Recognition: unknown
LLM-AUG: Robust Wireless Data Augmentation with In-Context Learning in Large Language Models
Pith reviewed 2026-05-10 04:35 UTC · model grok-4.3
The pith
Large language models generate useful synthetic wireless data samples via in-context learning without any additional training.
A machine-rendered reading of the paper's core claim, the machinery that carries it, and where it could break.
Core claim
The central claim is that the LLM-AUG framework uses in-context learning in LLMs to generate synthetic samples directly in the learned embedding space. This leads to better performance than traditional and deep generative baselines on modulation and interference classification tasks, reaching near oracle levels with only 15% labeled data and providing relative gains of 67.6% and 35.7% over diffusion baselines on the RadioML and IC datasets along with a 29.4% gain under low SNR distribution shifts.
What carries the argument
The central mechanism is structured prompting of off-the-shelf LLMs to synthesize embedding-space samples that preserve class structure for downstream wireless classifiers.
Load-bearing premise
That prompts can direct an unmodified LLM to output synthetic points in the embedding space that align with the real data's class distributions.
What would settle it
If classifiers using the augmented dataset show no accuracy improvement over those using only the 15% real data in the low-shot or shifted SNR scenarios, the augmentation approach would be falsified.
Figures
read the original abstract
Data scarcity remains a fundamental bottleneck in applying deep learning to wireless communication problems, particularly in scenarios where collecting labeled Radio Frequency (RF) data is expensive, time-consuming, or operationally constrained. This paper proposes LLM-AUG, a data augmentation framework that leverages in-context learning in large language models (LLMs) to generate synthetic training samples directly in a learned embedding space. Unlike conventional generative approaches that require training task-specific models, LLM-AUG performs data generation through structured prompting, enabling rapid adaptation in low-shot regimes. We evaluate LLM-AUG on two representative tasks: modulation classification and interference classification using the RadioML 2016.10A dataset, and the Interference Classification (IC) dataset respectively. Results show that LLM-AUG consistently outperforms traditional augmentation and deep generative baselines across low-shot settings and reaches near oracle performance using only 15% labeled data. LLM-AUG further demonstrates improved robustness under distribution shifts, yielding a 29.4% relative gain over diffusion-based augmentation at a lower SNR value. On the RadioML and IC datasets, LLM-AUG yields a relative gain of 67.6% and 35.7% over the diffusion-based baseline. The t-SNE visualizations further validate that synthetic samples generated by better preserve class structure in the embedding space, leading to more consistent and informative augmentations. These results demonstrate that LLMs can serve as effective and practical data augmenters for wireless machine learning, enabling robust and data-efficient learning in evolving wireless environments.
Editorial analysis
A structured set of objections, weighed in public.
Referee Report
Summary. The paper proposes LLM-AUG, a data augmentation framework that uses in-context learning in off-the-shelf large language models to generate synthetic samples directly in a learned embedding space for wireless RF tasks. It evaluates the approach on modulation classification using the RadioML 2016.10A dataset and interference classification on the IC dataset, claiming consistent outperformance over traditional augmentation and deep generative (diffusion) baselines in low-shot regimes, near-oracle performance with only 15% labeled data, relative gains of 67.6% and 35.7% over diffusion baselines, and a 29.4% robustness gain under distribution shifts at lower SNR. t-SNE visualizations are cited as evidence that the synthetic samples preserve class structure.
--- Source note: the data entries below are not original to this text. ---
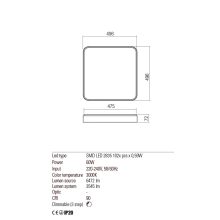 Redo Mennyezeti lámpa 01-2579 YOMO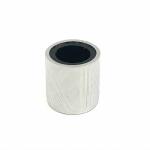 Cylinder Shape Classical Chromium Platiing Zinc Alloy Metal Persume Bottle Cap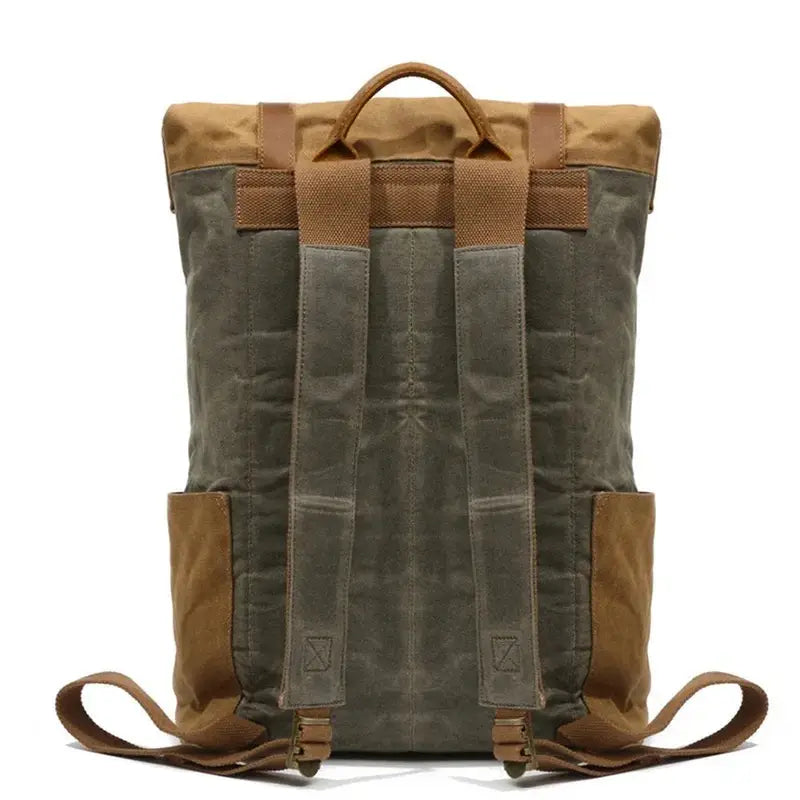 Sac à dos roll top vintage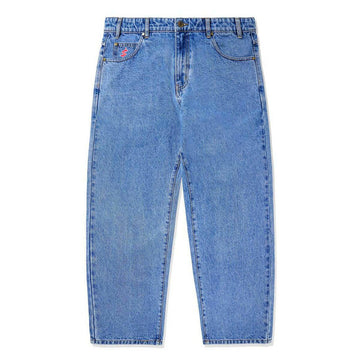 Cash Only - Logo Baggy Denim Jeans Washed Indigo.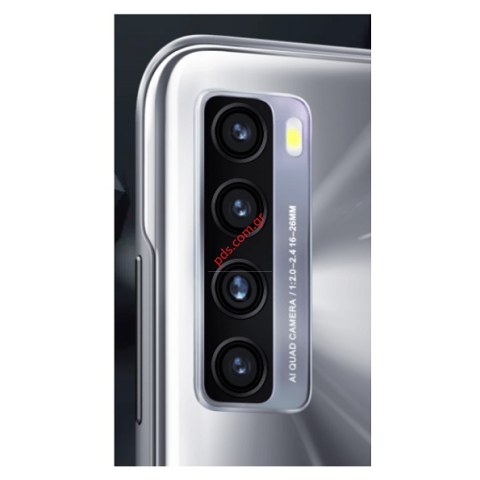 Γνήσιο πλαίσιο πίσω κάμερας TCL 20L T775H Grey με τα τζαμάκια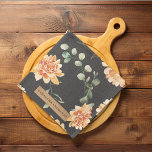 Modern Yellow Flowers & Kraft Personalized Gift Kitchen Towel<br><div class="desc">This beautiful modern watercolor flowers design features bright and cheerful yellow blooms arranged in a lovely bouquet. The artwork is created using the delicate and translucent medium of watercolor, which gives the flowers a soft and dreamy quality. The design can be personalized with a name of your choice, making it...</div>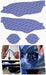 Lamin - X Headlight and Fog Light Overlays 2005 - 2007 Outback - S010BY - Subimods.com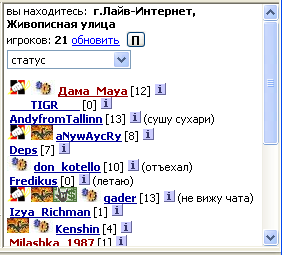 список игроков (14 Кб)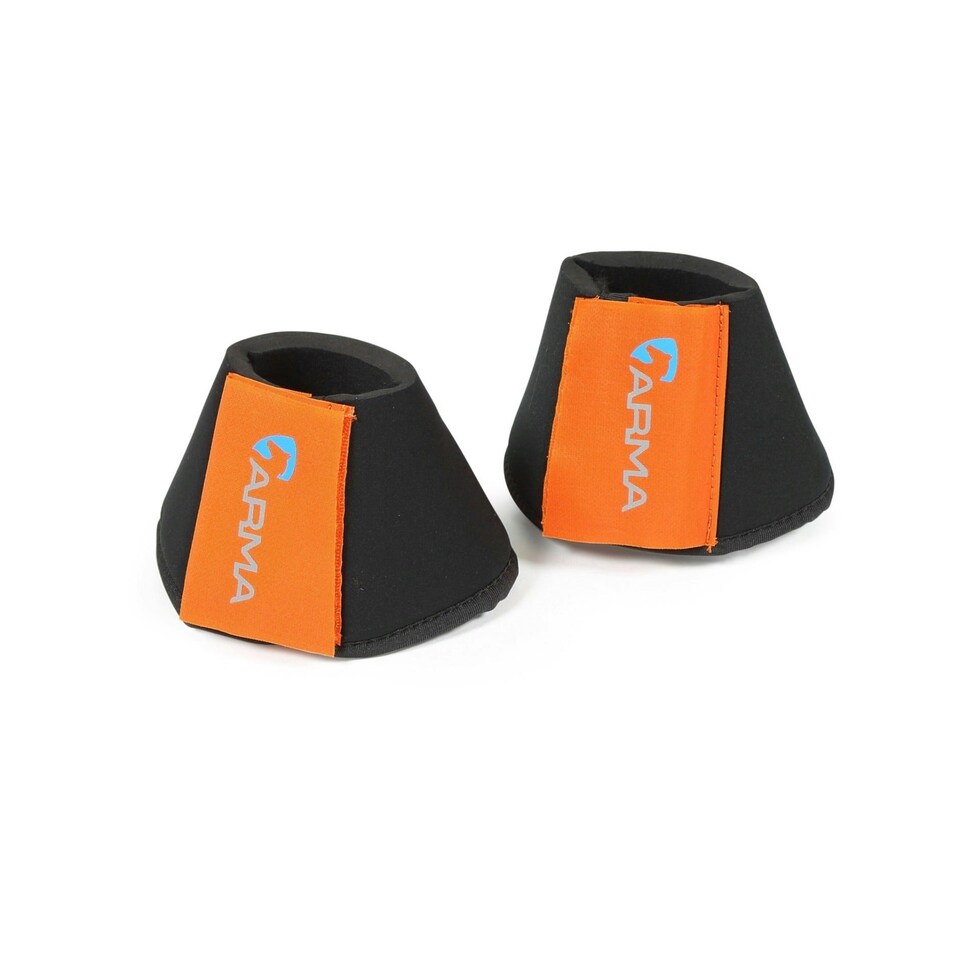 ARMA Neoprene Horse Overreach Boots - Burnt Orange/Black - Cob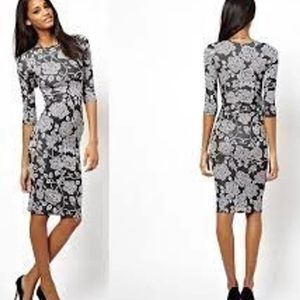 Midi 3/4 sleeve dress size 2/4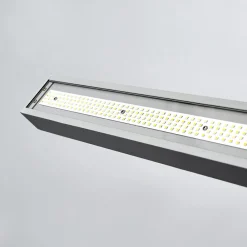 Arcchio LED-gulvlampe til kontor Jolinda, sølv, CCT, sensor, New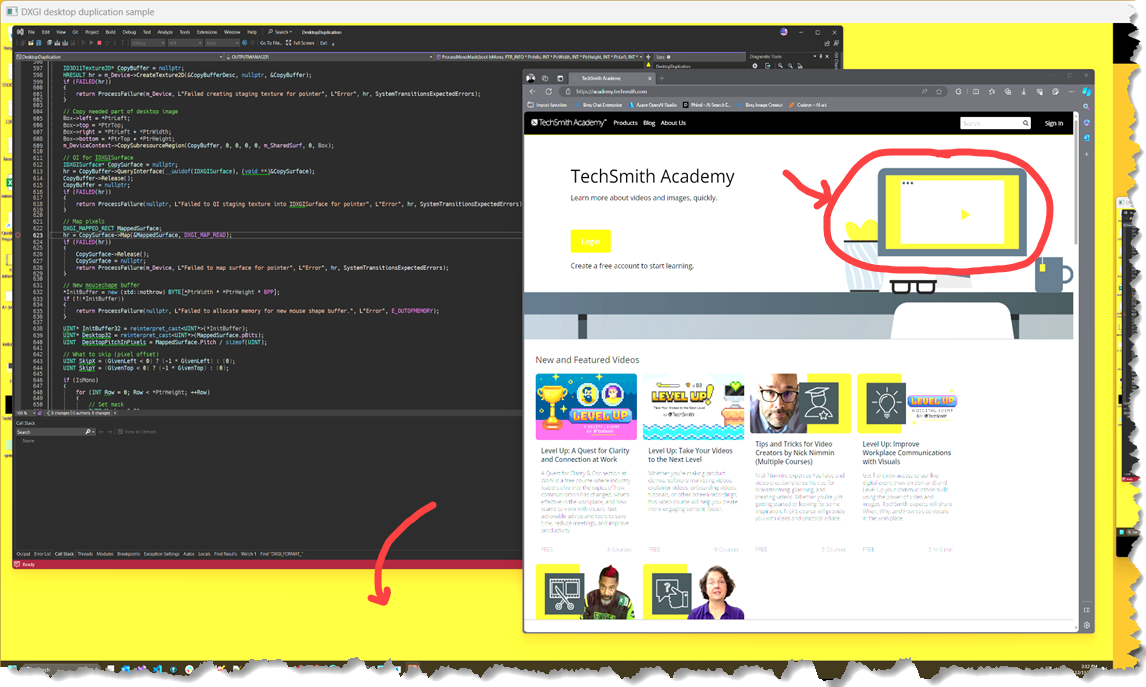 Using the Desktop Duplication API with HDR interpreting DXGI_FORMAT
Significance. If the empirical claims hold after detailed verification and reproduction, LLM-AUG would offer a training-free augmentation technique that leverages general-purpose LLMs for data-scarce wireless ML problems, potentially lowering barriers to applying deep learning in RF domains where labeled data collection is costly. The reported gains in low-shot accuracy and robustness under shifts would indicate practical utility beyond existing generative baselines.
major comments (3)
- [§3] §3 (Method): The pipeline for serializing real embeddings into text (e.g., comma-separated values or tokens), constructing the in-context prompt templates, and parsing LLM token outputs back into continuous vectors is not described. This is load-bearing for the central claim, as the skeptic concern correctly notes that nothing establishes the LLM respects the geometry or support of the embedding manifold; generated points could be biased interpolations or extrapolations.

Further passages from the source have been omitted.